Image-caption web data

◇ ◇ ◇ ◇ ◇

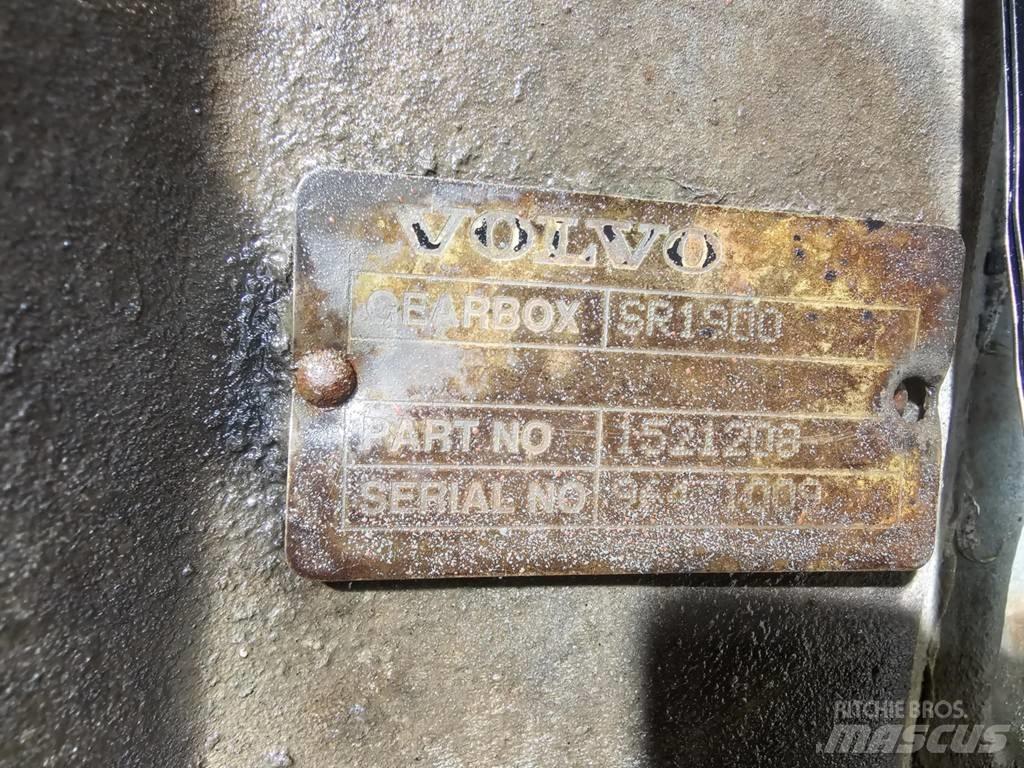 Volvo SR1900 기어박스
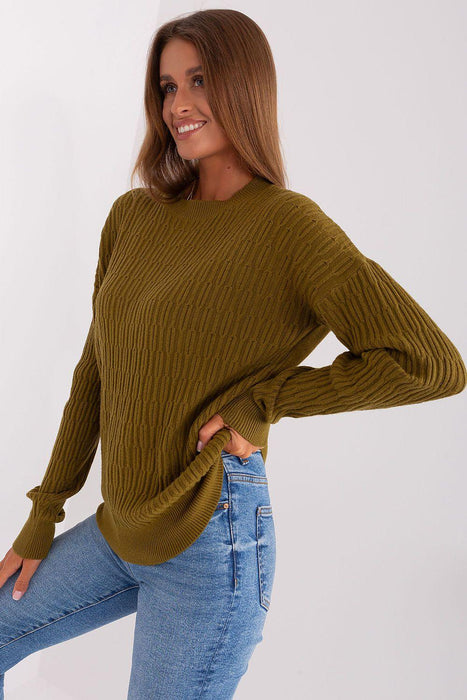 Elegant Textured Women's Jumper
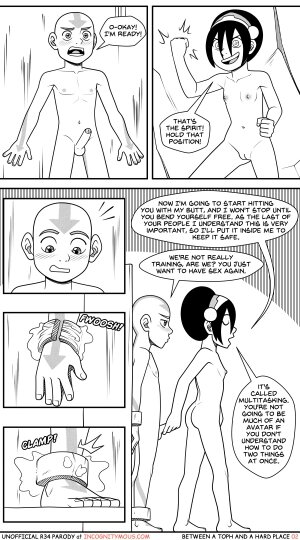Between A Toph And A Hard Place - Page 2
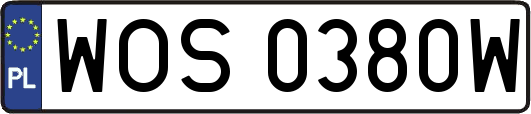WOS0380W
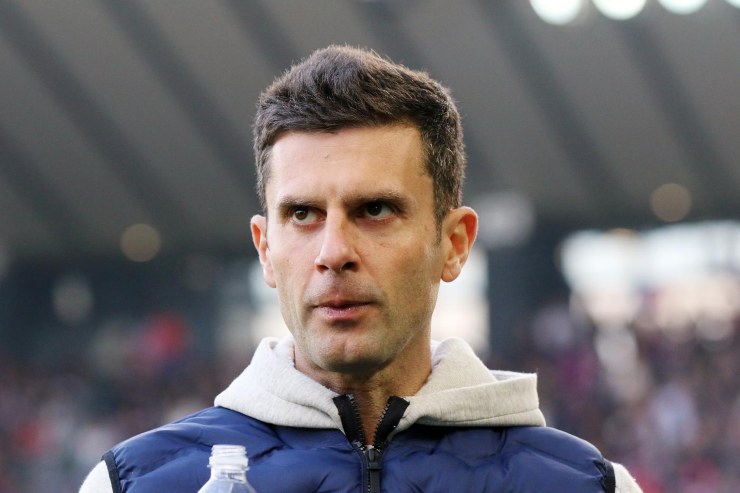 Bologna-Genoa, la conferenza di Thiago Motta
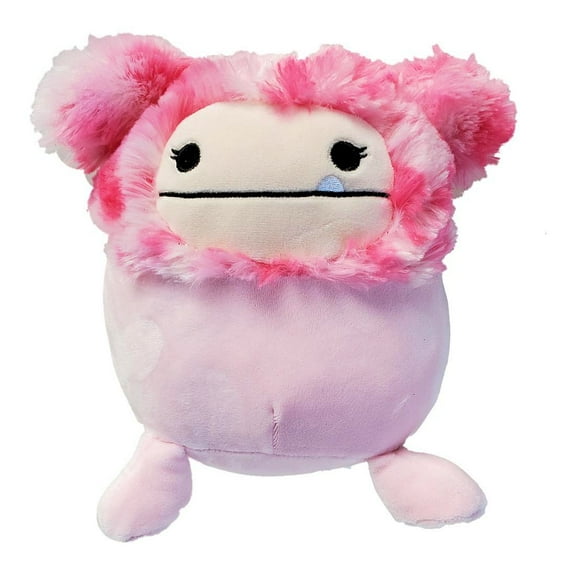 Squishmallows Official Kellytoy Plush 7 Inch Squishy Soft Plush Toy Animals (Caparinne Bigfoot)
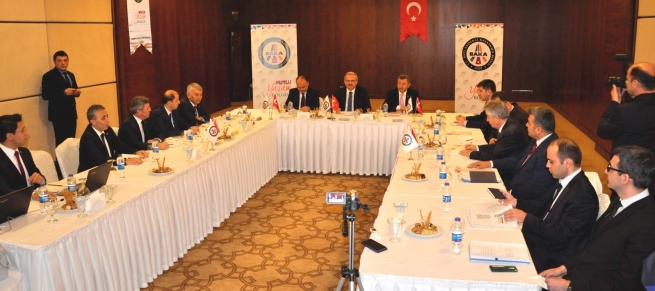 BAKA Yönetim Kurulu Isparta?da toplandı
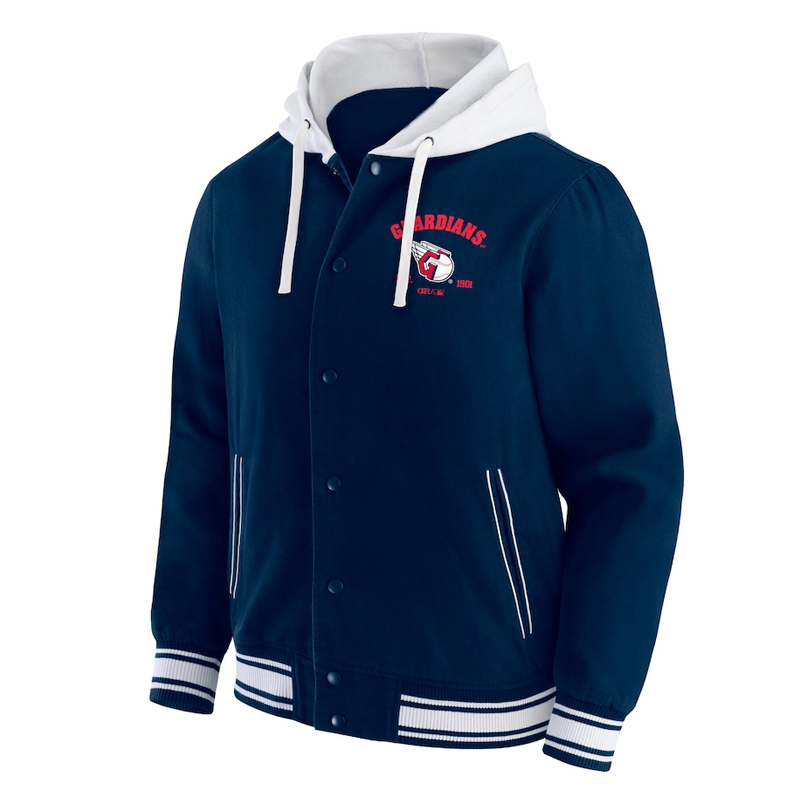 cleveland-guardians-navy-hooded-jacket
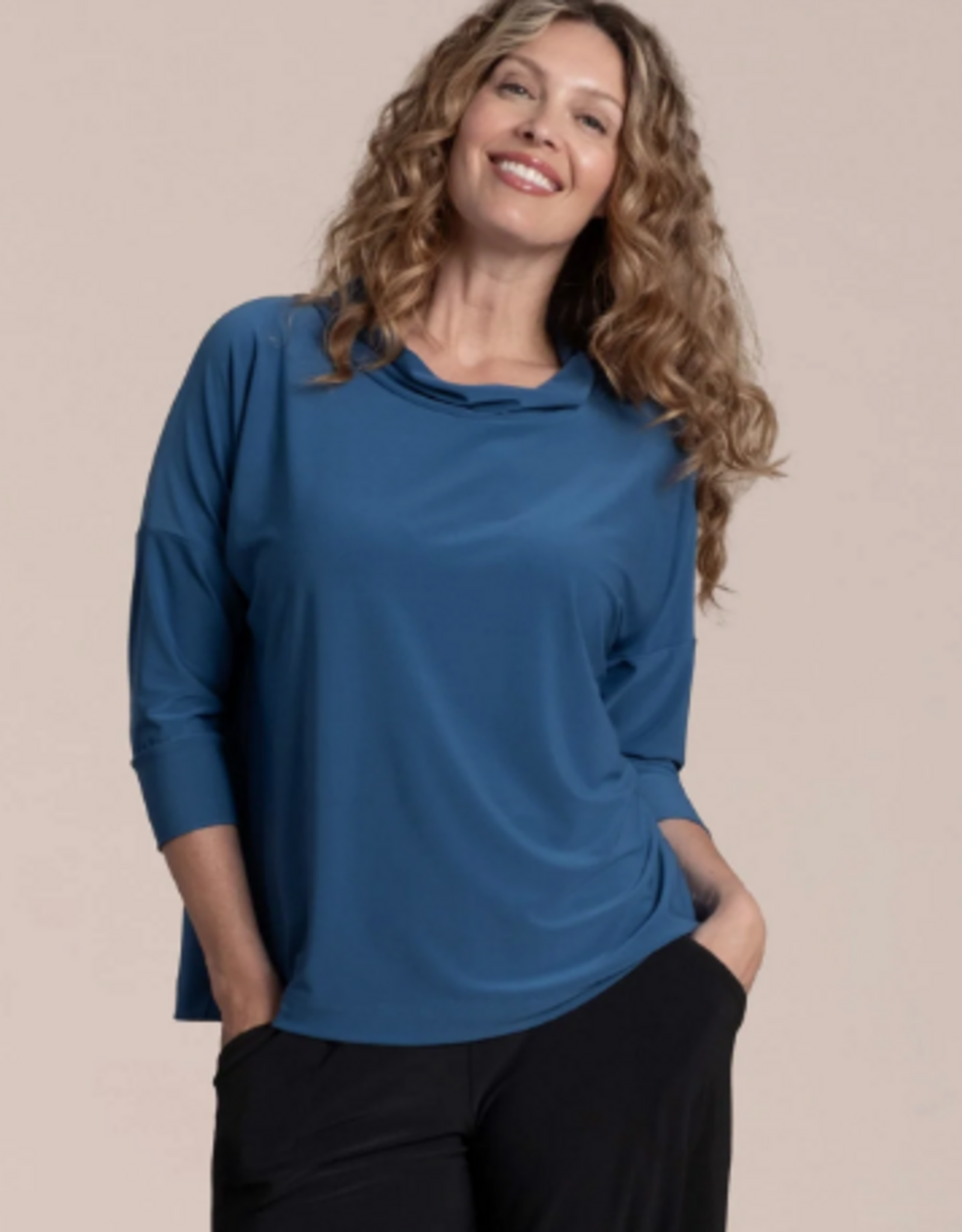 Sympli Sympli  Lake slouchy 3/4 Sleeve Sweatshirt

◇ ◇ ◇ ◇ ◇

DESCRIPTION OF THE TASK = Print exactly the lines running from the start of the entries above to the line with "BAKA Yönetim Kurulu Isparta?da toplandı", both included; leave out any pictures.

TASK RESPONSE =
 Volvo SR1900 기어박스
 Elegant Textured Women's Jumper
Between A Toph And A Hard Place - Page 2
WOS0380W
 Bologna-Genoa, la conferenza di Thiago Motta
 Squishmallows Official Kellytoy Plush 7 Inch Squishy Soft Plush Toy Animals (Caparinne Bigfoot)
 BAKA Yönetim Kurulu Isparta?da toplandı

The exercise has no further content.